> _Supplied data_:
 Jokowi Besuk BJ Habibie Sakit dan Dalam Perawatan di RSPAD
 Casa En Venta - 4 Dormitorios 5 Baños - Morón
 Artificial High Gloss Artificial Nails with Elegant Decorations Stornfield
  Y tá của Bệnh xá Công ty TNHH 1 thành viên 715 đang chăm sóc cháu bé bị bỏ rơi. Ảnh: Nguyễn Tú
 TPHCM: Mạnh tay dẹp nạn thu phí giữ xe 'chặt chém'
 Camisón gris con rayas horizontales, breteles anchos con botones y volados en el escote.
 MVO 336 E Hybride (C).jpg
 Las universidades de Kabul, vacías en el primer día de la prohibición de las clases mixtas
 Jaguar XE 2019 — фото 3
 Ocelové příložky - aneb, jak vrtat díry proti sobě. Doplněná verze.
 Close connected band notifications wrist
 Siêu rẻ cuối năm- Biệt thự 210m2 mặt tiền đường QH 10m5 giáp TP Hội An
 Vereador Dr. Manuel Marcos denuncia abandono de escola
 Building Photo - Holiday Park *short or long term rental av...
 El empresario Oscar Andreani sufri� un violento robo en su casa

> _Work task_: Output the records above exactly as written.

> _Result below_:
 Jokowi Besuk BJ Habibie Sakit dan Dalam Perawatan di RSPAD
 Casa En Venta - 4 Dormitorios 5 Baños - Morón
 Artificial High Gloss Artificial Nails with Elegant Decorations Stornfield
  Y tá của Bệnh xá Công ty TNHH 1 thành viên 715 đang chăm sóc cháu bé bị bỏ rơi. Ảnh: Nguyễn Tú
 TPHCM: Mạnh tay dẹp nạn thu phí giữ xe 'chặt chém'
 Camisón gris con rayas horizontales, breteles anchos con botones y volados en el escote.
 MVO 336 E Hybride (C).jpg
 Las universidades de Kabul, vacías en el primer día de la prohibición de las clases mixtas
 Jaguar XE 2019 — фото 3
 Ocelové příložky - aneb, jak vrtat díry proti sobě. Doplněná verze.
 Close connected band notifications wrist
 Siêu rẻ cuối năm- Biệt thự 210m2 mặt tiền đường QH 10m5 giáp TP Hội An
 Vereador Dr. Manuel Marcos denuncia abandono de escola
 Building Photo - Holiday Park *short or long term rental av...
 El empresario Oscar Andreani sufri� un violento robo en su casa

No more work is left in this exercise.